PROMPT
In the entries that follow, the line with "[S] TOMMY HILFIGER" opens the range and the line with "82 Clinton Ave, Jamestown, RI 02835" closes it; repeat that range exactly, both lines included.

Records drawn from a dataset:
■ ■ ■ ■ ■ ■ ■

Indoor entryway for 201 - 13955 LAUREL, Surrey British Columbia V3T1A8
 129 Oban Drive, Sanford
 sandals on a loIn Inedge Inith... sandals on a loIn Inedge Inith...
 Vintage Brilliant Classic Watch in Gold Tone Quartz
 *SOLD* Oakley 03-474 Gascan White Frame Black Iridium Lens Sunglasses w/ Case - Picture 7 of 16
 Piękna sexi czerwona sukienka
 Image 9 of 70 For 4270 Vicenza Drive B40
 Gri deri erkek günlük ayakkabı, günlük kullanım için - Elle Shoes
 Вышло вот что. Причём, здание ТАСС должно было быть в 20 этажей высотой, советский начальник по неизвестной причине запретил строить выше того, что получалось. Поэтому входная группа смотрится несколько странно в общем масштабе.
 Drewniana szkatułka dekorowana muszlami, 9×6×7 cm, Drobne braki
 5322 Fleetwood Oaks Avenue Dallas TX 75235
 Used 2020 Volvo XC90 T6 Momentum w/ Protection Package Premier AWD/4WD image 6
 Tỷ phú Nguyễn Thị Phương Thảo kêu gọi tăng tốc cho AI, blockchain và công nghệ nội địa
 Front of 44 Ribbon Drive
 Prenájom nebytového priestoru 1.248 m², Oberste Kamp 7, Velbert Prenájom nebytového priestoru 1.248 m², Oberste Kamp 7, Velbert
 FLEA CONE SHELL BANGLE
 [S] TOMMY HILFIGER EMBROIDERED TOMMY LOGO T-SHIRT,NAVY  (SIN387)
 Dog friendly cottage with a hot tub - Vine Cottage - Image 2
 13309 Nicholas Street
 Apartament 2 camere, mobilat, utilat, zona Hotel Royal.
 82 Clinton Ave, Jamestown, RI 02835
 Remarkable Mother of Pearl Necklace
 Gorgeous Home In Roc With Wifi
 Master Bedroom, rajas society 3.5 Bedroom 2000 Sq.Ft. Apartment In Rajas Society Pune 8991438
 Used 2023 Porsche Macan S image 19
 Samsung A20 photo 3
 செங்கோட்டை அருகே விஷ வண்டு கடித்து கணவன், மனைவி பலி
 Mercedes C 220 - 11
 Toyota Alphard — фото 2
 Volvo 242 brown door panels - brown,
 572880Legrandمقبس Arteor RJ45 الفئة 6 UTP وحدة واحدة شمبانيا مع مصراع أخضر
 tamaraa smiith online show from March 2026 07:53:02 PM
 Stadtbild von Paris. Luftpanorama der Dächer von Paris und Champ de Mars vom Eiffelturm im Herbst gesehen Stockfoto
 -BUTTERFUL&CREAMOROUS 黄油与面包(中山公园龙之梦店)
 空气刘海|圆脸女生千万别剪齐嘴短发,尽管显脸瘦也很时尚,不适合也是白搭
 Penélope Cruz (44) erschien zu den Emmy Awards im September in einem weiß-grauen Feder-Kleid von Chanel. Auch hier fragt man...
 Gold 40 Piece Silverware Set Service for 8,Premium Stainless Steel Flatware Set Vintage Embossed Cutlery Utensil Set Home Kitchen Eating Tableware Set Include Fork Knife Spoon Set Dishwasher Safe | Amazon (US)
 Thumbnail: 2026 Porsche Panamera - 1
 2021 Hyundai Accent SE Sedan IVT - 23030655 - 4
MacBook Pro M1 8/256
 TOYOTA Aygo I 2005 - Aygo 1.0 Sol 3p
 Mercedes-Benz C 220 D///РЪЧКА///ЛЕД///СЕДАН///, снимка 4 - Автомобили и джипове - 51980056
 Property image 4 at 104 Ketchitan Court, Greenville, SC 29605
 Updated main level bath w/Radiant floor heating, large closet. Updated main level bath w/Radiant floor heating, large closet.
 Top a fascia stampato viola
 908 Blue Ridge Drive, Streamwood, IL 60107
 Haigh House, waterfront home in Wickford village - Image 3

■ ■ ■ ■ ■ ■ ■

WORKED SOLUTION
 [S] TOMMY HILFIGER EMBROIDERED TOMMY LOGO T-SHIRT,NAVY  (SIN387)
 Dog friendly cottage with a hot tub - Vine Cottage - Image 2
 13309 Nicholas Street
 Apartament 2 camere, mobilat, utilat, zona Hotel Royal.
 82 Clinton Ave, Jamestown, RI 02835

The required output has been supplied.